» **Instructions for the task**:
Repeat what the lines below say, word for word, and skip every image.

» **Source material**:
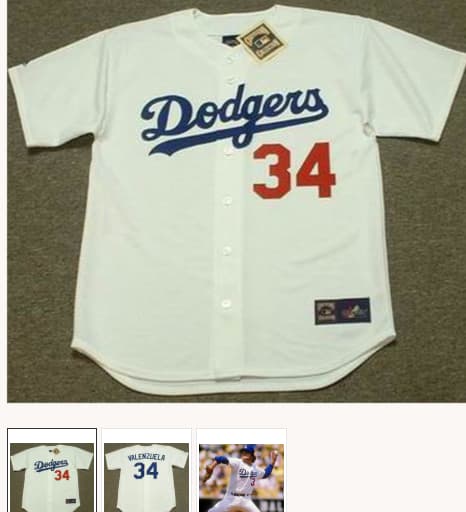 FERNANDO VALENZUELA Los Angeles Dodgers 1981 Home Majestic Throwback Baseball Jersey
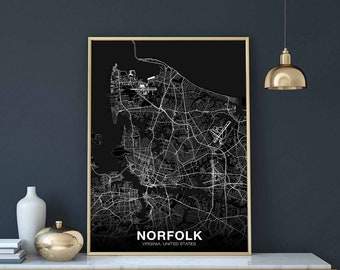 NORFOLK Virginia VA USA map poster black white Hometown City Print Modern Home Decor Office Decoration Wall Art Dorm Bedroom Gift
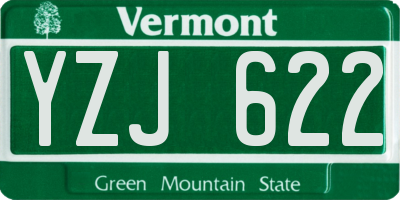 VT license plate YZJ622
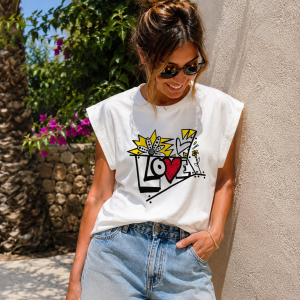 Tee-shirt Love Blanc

» **The completed task**:
 FERNANDO VALENZUELA Los Angeles Dodgers 1981 Home Majestic Throwback Baseball Jersey
 NORFOLK Virginia VA USA map poster black white Hometown City Print Modern Home Decor Office Decoration Wall Art Dorm Bedroom Gift
 VT license plate YZJ622
 Tee-shirt Love Blanc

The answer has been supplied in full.